German films took almost 30% of the local box-office over the first quarter of 2009, according to figures from Nielsen EDI. It is down from 33% for the same period last year.

The latest figures show the local market took a 28.4% share between January and March, with box-office takings for German productions and co-productions rising to $87.9m (Euro 65.3m). Local films took a 29.6% share of admissions with 10.5m tickets sold over the period.

It compares to a strong first period of 2008, with long-runner Til Schweiger’s Rabbit Without Ears showing in the same period a year ago. The romantic comedy opened on December 20, 2007 and took over $49.9m (Euro 37m) between January and March 2008. Along with The Wave and Earth it grew the domestic industry’s market share to 33%.

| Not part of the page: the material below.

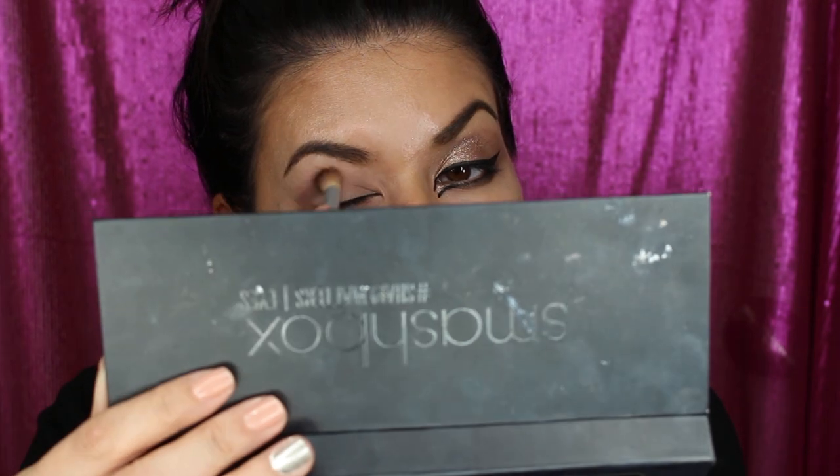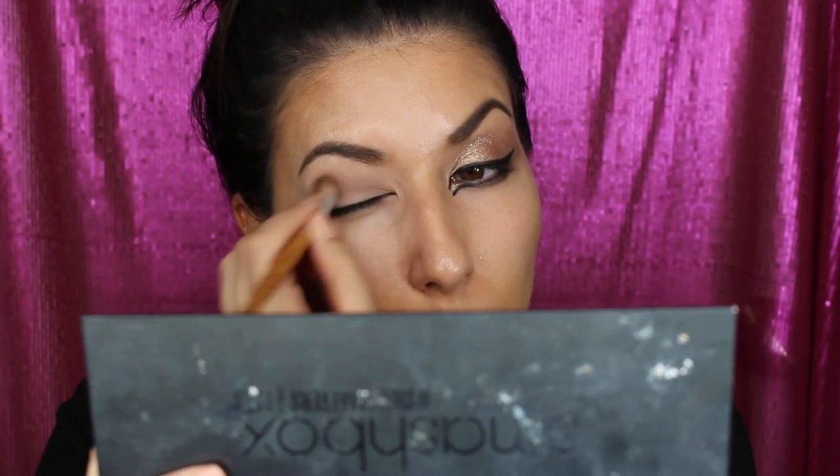Going in with a neutral brown shade — just this light one here first — and going in all over the crease. Then going in with this neutral darker brown and going in over top of where we just placed that color. Put in a little bit too much there. I'm going to go in with a little bit of my bronzer from my Anastasia Beverly Hills palette — it's a medium shade — and just blend the crease a little bit.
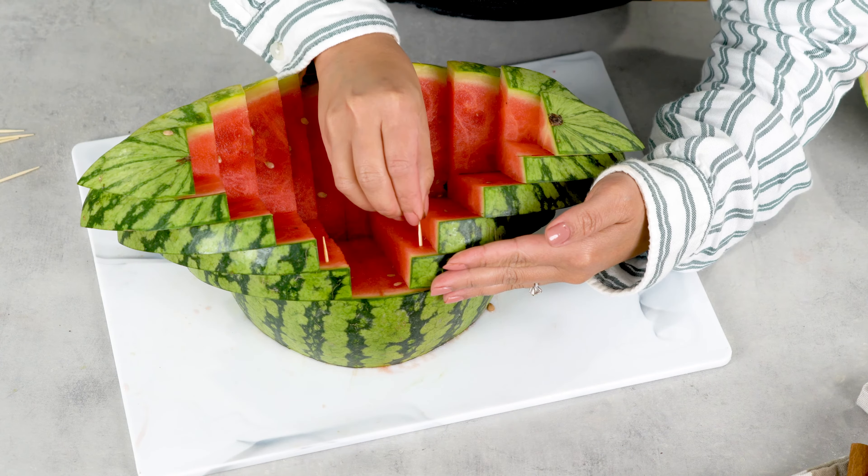This carved watermelon fruit bowl makes an impressive centerpiece for any celebration. I hope you found that tutorial helpful and please don't forget to like and subscribe to see more kitchen hacks, tips and tricks. See you next time! Bye!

The interest in local films has been driven by including Berlinale opener The International and the Oscar-winning The Reader. Other local successes also include stand-up comedian Mario Barth’s feature film debut Männersache, Stefan Ruzowitzky’s family entertainment film Lilly The Witch, Henrich Breloer’s Thomas Mann adaptation Buddenbrooks - The Decline Of A Family, and the teen comedy Wild Chicks And Life as well as the films by Tom Tykwer and Stephen Daldry.

The top five German films, including co-productions, over the first quarter of 2009 are The Reader ($15.2m, Euro 11.3m), Männersache ($11.7m, Euro 8.7m), Buddenbrooks ($9.8m, Euro 6.8m), Lilly The Witch ($7.4m, Euro 5.5m), Wild Chicks And Life ($6.7m, Euro 5m).